Над всеми способностями духа преобладают у него прилежание и рассудок, и сухое веяние последнего заглушает ростки непосредственности и живой, святой простоты. Его стихи, лишенные стихийности, не сотворены, — они точно вышли из кузницы, и даже мгновенья, свои излюбленные «миги», Брюсов кует. <…>
Поэт менее всего музыкальный, жесткий в слове и сердце, он не свободный художник; он делает свои стихотворения, он помогает своим стихам, и не льются у него радостные звуковые волны, и утомляют его преднамеренные стопы его рассчитанные шаги. Уже одна фонетика его стихов показывает, что он талант заработал, а не нашел его в себе, как прирожденный клад. <…>
Отвлеченное и конкретное, высокое и низменное, старинное и современное делают из его стихов пеструю амальгаму, а не органическое единство. <…>
Прозаическая сознательность Брюсова, недреманное его умственности проявляются и в общей печати интеллектуализма, лежащей на его стихах, и в отдельных глубоко характерных моментах его стихотворений. Например, он смотрит на радугу и сейчас же сам разбивает ее иллюзию и восклицает: «Знаю — ты мечта моя!» Он слишком знает. <…>
Трудолюбивый кустарь поэзии, Брюсов долго работал по заграничным образцам. Поэт повторяющий, мыслитель чужих мыслей, эхо чужих эпиграфов, он так заслонен другими, что не видишь его самого, не знаешь его собственного лица. Где-то позади осталась жизнь, отстала от его стихов, и перед нами развертывается одна литература. <…>
Нельзя, однако, безнаказанно писать стихи: невольно приобщишься к поэзии. Это случилось и с Брюсовым. <…> Есть у него ряд стихотворений, проникнутых сжатостью и силой <…> есть красивые картины моря и гор, и величественных зданий <…> и памятников, есть и задумчивый портрет женщины с большими «бездонными зрачками», — все отблески не столько личной, не столько своей, сколько обшей накопившейся в литературе объективной талантливости. <…> Если Брюсову с его сухой и тяжеловесной поэзией не чуждо некоторое своеобразное величие, то это именно — величие преодоленной бездарности (Айхенвальд Ю. С. 387—399).

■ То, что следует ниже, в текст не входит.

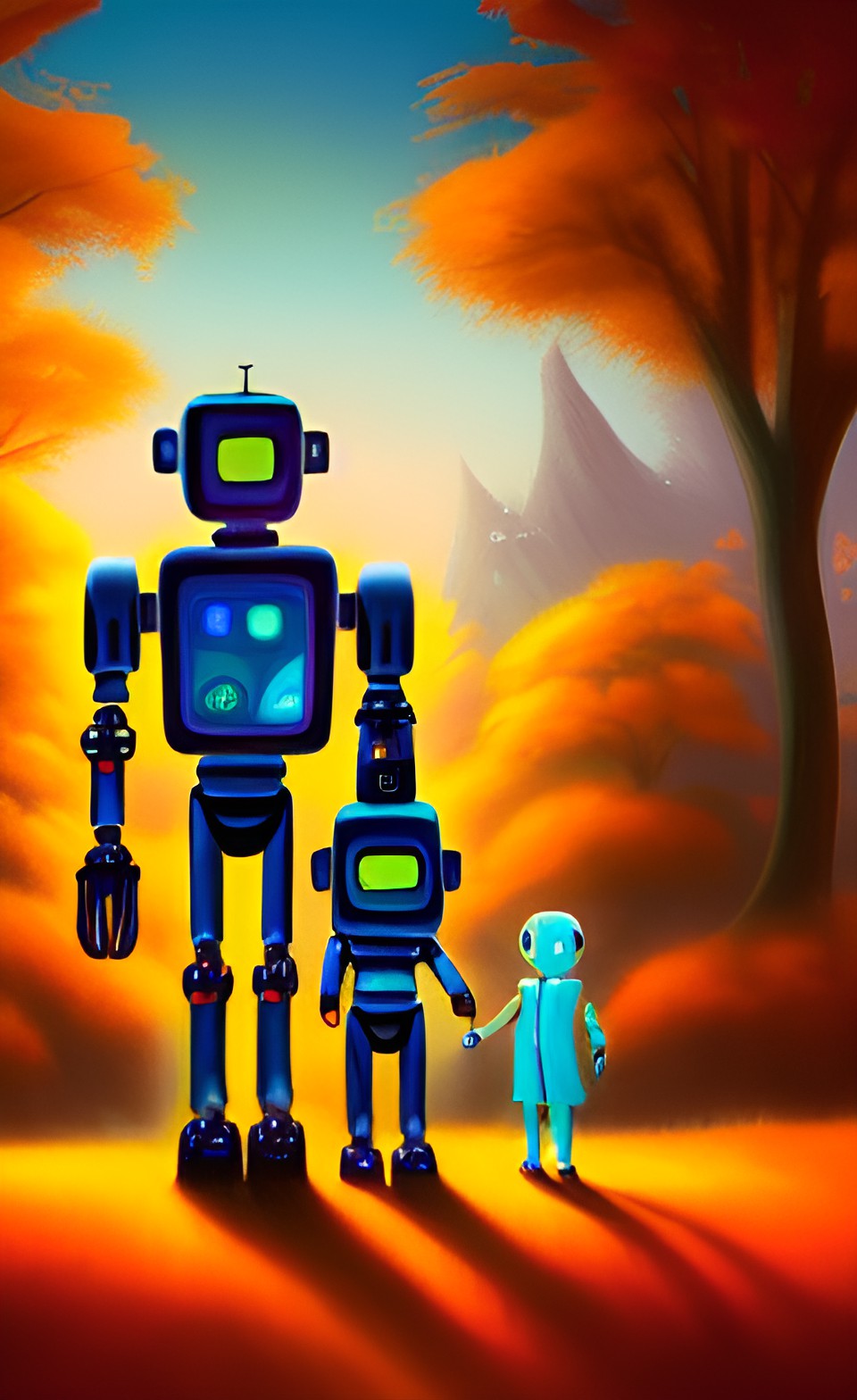 robot family portrait, autumn backdrop preview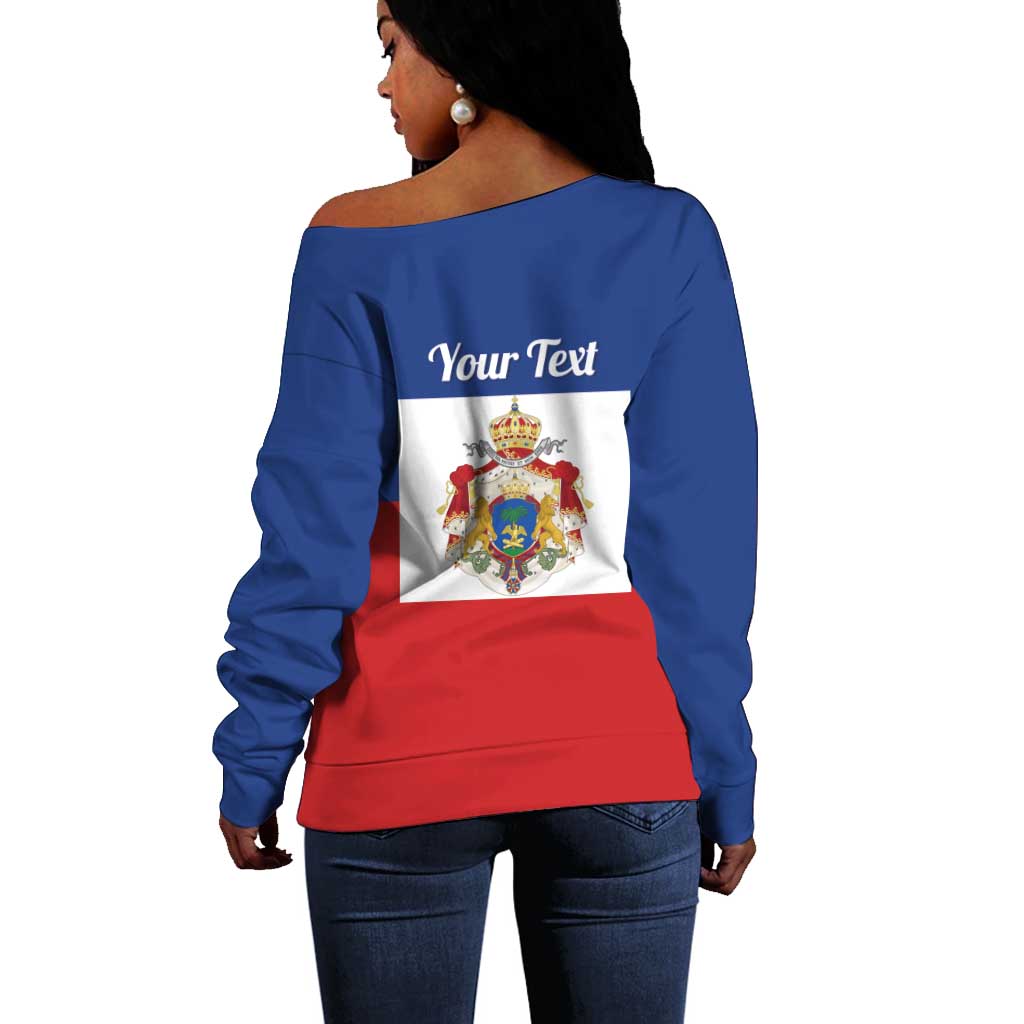 Personalised Second Empire of Haiti 1849-1859 Off Shoulder Sweater Anpi an Ayiti Flag Style LT14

У меня есть стихотворение о радуге, в котором я между прочим признаюсь, что знаю, как объясняет этот феномен современная наука:
Знаю: ты — мечта моя!
Нашелся критик, который яростно разбранил меня за это скромное познание, объявив, что, обладая им, нельзя быть поэтом. Такое откровенное требование, чтобы поэт был непременно невеждою, столь примечательно, что имя критика стоит сохранить: это — Ю. Айхенвальд (Брюсов В. Miscellanea // Эпоха. М., 1918. С. 112).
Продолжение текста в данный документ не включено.